# Do you use a crupper?



## LiveJumpLove

I don't use one but they are meant to keep the saddle from slipping forward. Usually you will see Ponies wearing them because saddles on Ponys tend to move around because of their size. The reason I don't use one is because I don't have a slipping forward of the saddle problem. Hope I helped!


----------



## Brighteyes

I don't have a saddle slipping forward problem 90% of the time. A couple times, I've ridden my horse's neck. Once, I was doing a ride in the Alabama mountains (who knew?) The last two miles were over "Yahoo Mountain", which you went up sharply and than back down gradually. After about 10 minutes of walking down hill, I realized my horse has really cute little ears and -- hey, why is her neck so short? :lol: I was riding the poor mare's neck and she was kind enough to stop before it got too bad. I had to get off and reset my saddle before finishing the trail.


----------



## LiveJumpLove

Omg! Lol well then maybe get one for trails so that you don't have that problem again!


----------



## WesternRider88

I don't use one on my mule even in the mountains, He has pretty good withers, so the saddle doesn't slide to forward even when I'm going downhill. I don't even have a breast collar either.


----------



## jillybean19

Yeah, usually it's used because the saddle slips forward. However, I think the reason so many endurance riders use them is because a lot of them use treeless saddles, which tend to move around a lot more. That would be a good reason to use a crupper as well. A (non-endurance) friend of mine ALWAYS rides with a crupper and breast plate because, with both of those and horses with good withers, she doesn't have to have the girth as tight. She frequently describes to me how she used to ride and be able to stick her whole arm through the cinch, but that saddle didn't move since the breast collar, the crupper, and withers kept it in place instead. She liked that because she felt the horses had a lot more room to breath.

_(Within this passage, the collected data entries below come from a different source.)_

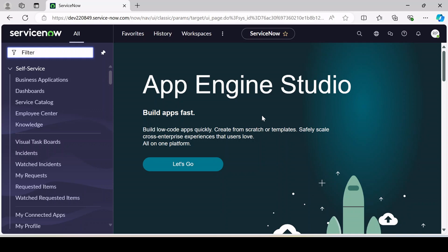Everything you are doing — whether configuration or customization — will get captured in your update set. You have to make sure that before you start your work, you create your update set and are capturing all the necessary changes in it. If many developers are working on the same instance, you have to make sure your update set is selected before making any changes related to your story or enhancement.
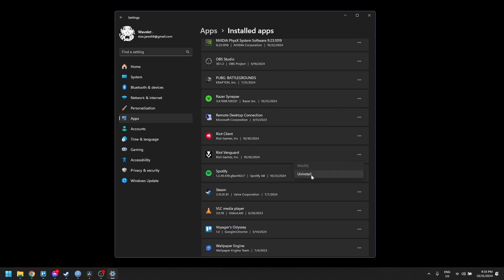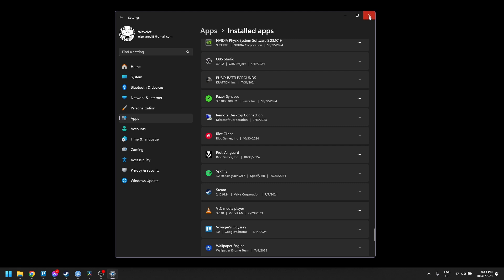Confirm the uninstallation in the pop-up window by selecting Uninstall again. Now allow the application to make changes to your device by confirming any pop-ups.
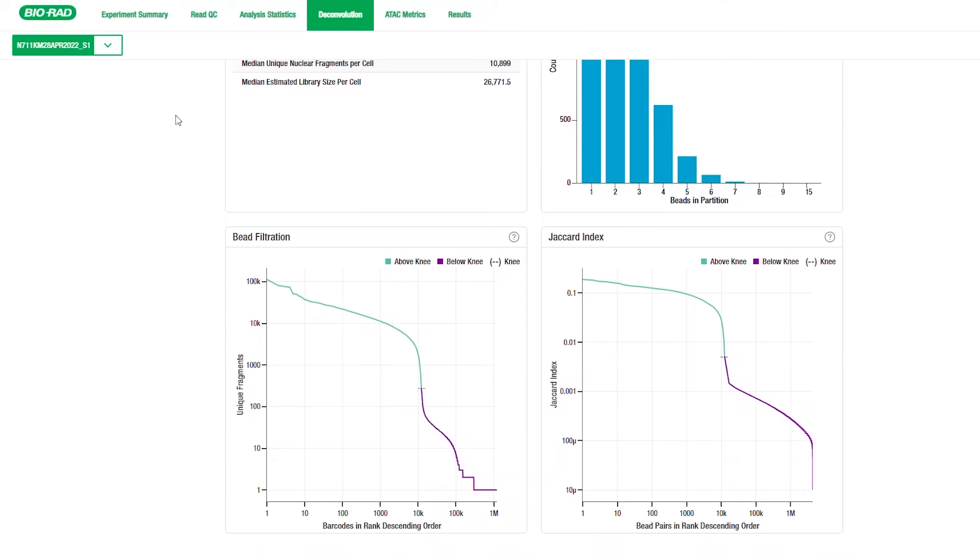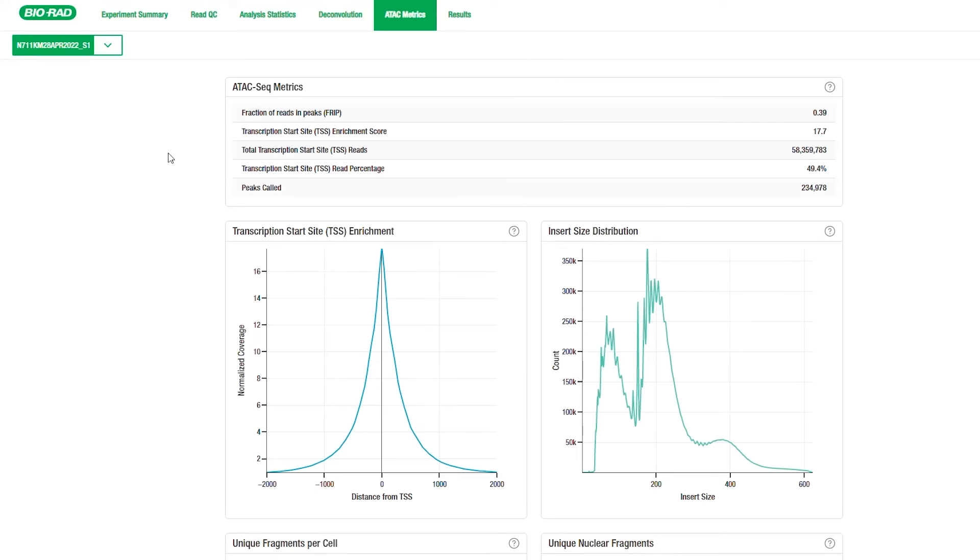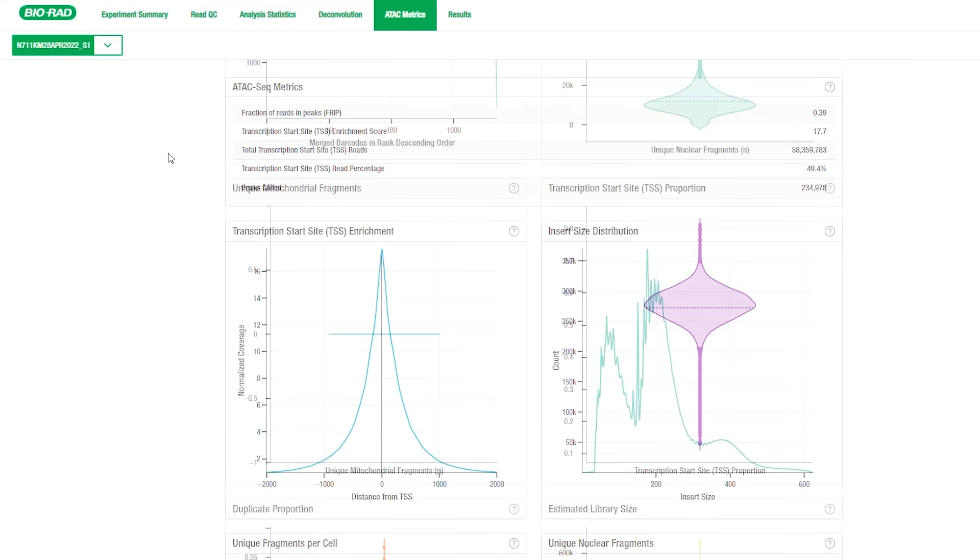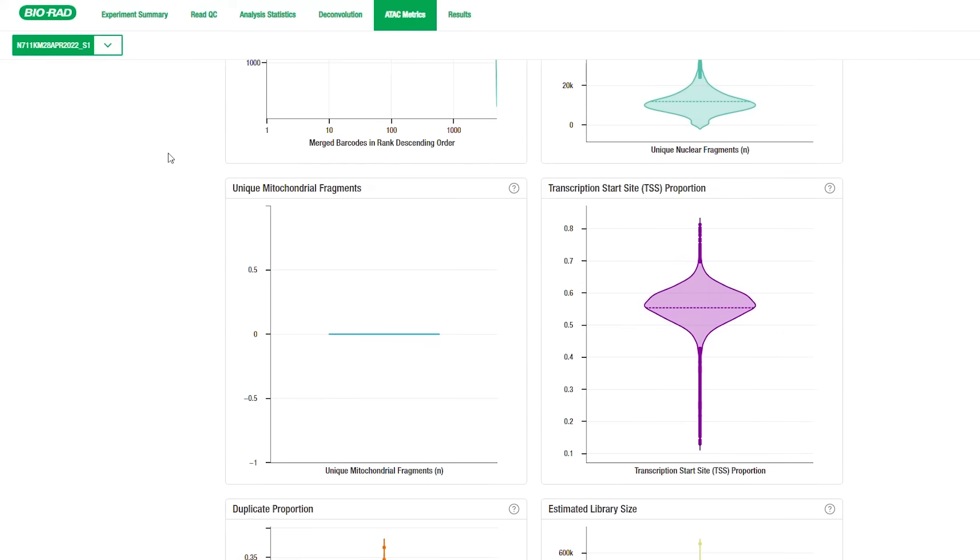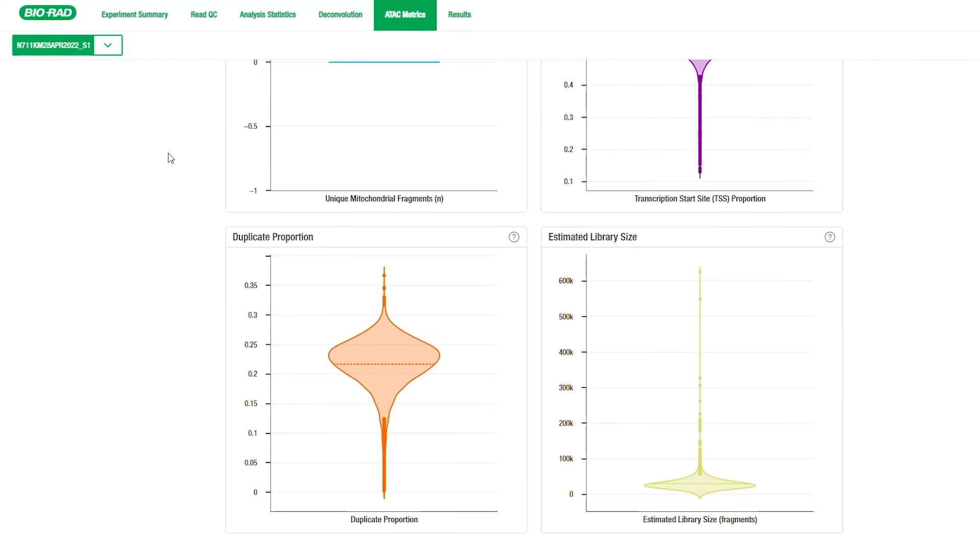In ATAC Metrics tab, you will find information relating specifically to ATAC-Seq results. These ATAC Metrics are reported both in a table and in plots illustrating key metrics including the transcription start site enrichment, insert size distribution, unique nuclear and mitochondrial fragments per cell, TSS proportion, duplicate proportion, and estimated library size. All these metrics are useful when determining if you have high quality data and whether the experiment was successful.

I was never there and so that is just her account and opinion, but if it did work so well, I've often wondered if something like that would be an advantage in endurance?


----------



## Brighteyes

^^ I actually know a guy who competed extensively without a girth. He always had a breast collar, crupper, and a presumably very well fitted saddle. Seemed a little extreme, but apparently it worked for him and he liked it. Next time I see him, I'll have to ask him to discuss in length the advantages he saw in this. Everyone thought he was pretty nutty :lol: but if it works, it works. Imagine having to mount from the ground without a girth. That would be my main concern!


----------



## TheOtherHorse

I have to use a crupper with my current aussie saddle, I had it checked by a saddle fitter and it fits well, but it rides up on my mare's shoulders when going downhill. It doesn't even have to be steep terrain, it happens even on gentle slopes. Never happened with my old (too wide) dressage saddle on the same horse. My mare is a TBx with prominent withers. 

I do find that I can leave my girth slightly looser with the crupper and breastplate though, which is nice, because this horse is also prone to girth rubs and does much better on multiday camping trips with a looser girth.

My husband's foundation bred paint needs a crupper when riding in the mountains on steep terrain, but on moderate hills she does fine without one.


----------



## Catpeedontherug

I've considered a crupper recently, so thank you for posting this question.
I ride treeless and my horse is witherless. And we ride steep hills constantly.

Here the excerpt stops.